From the line containing "Kaz_Creations Bottles - ingyenes png" through the last line of the records below, output every line exactly, both ends included, except the pictures.

━━━━━━━━━━━━━━━━━━━━━━━━━━━━━━

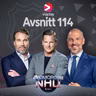 114. Generation Z och juniordomare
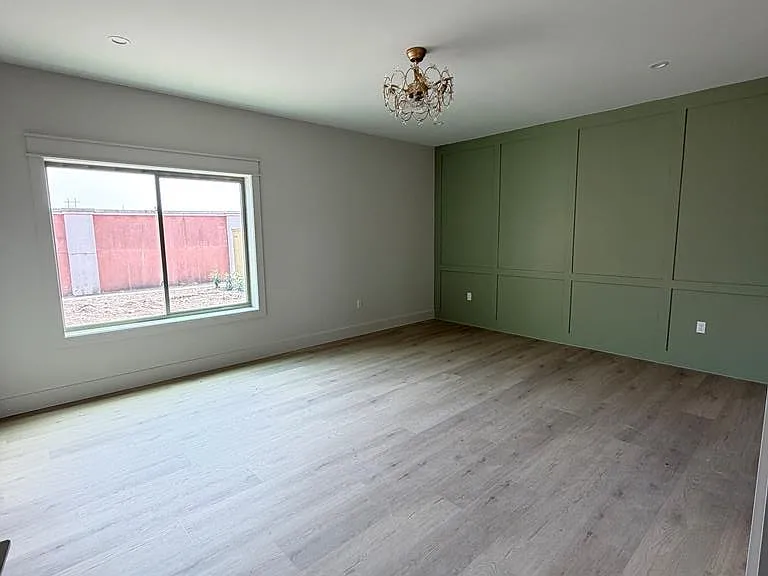 2200 Laredo Rd #10 — Photo 16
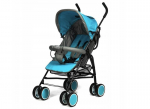 Spordik&auml;ru Moolino Compact Blue-Gray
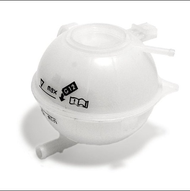 ( 100% ORIGINAL ) 6Q0121407D 6Q0121407B SPARE TANK VOLSWAGEN POLO VENTO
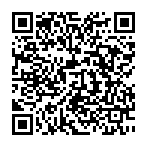 www.house-info.idv.tw房屋網-中壢懷寧醫院,懷寧醫院,桃園懷寧醫院-QRCode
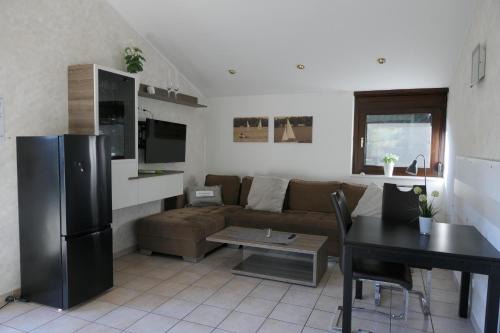 Haddorfer Seen Casa | Haselbusch - Lastering Ferienhäuser & Apartments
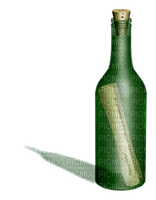 Kaz_Creations Bottles - ingyenes png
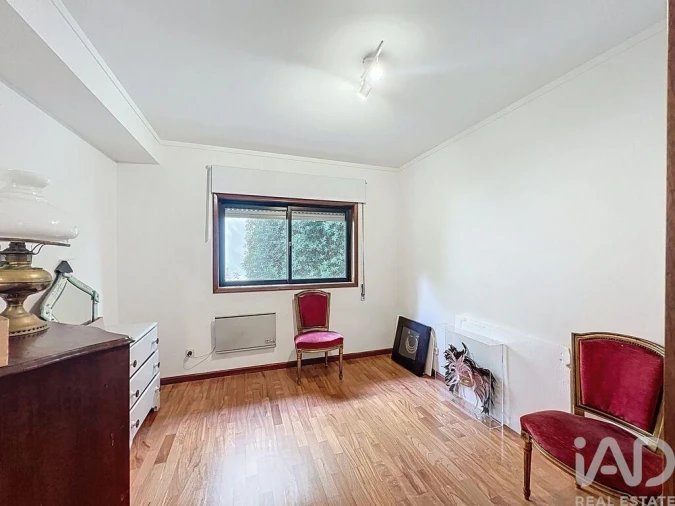 Apartamento T2 para Arrendamento em Aldoar, Foz do Douro e Nevogilde Foto 17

━━━━━━━━━━━━━━━━━━━━━━━━━━━━━━

◆ **EXPECTED ANSWER**
 Kaz_Creations Bottles - ingyenes png
 Apartamento T2 para Arrendamento em Aldoar, Foz do Douro e Nevogilde Foto 17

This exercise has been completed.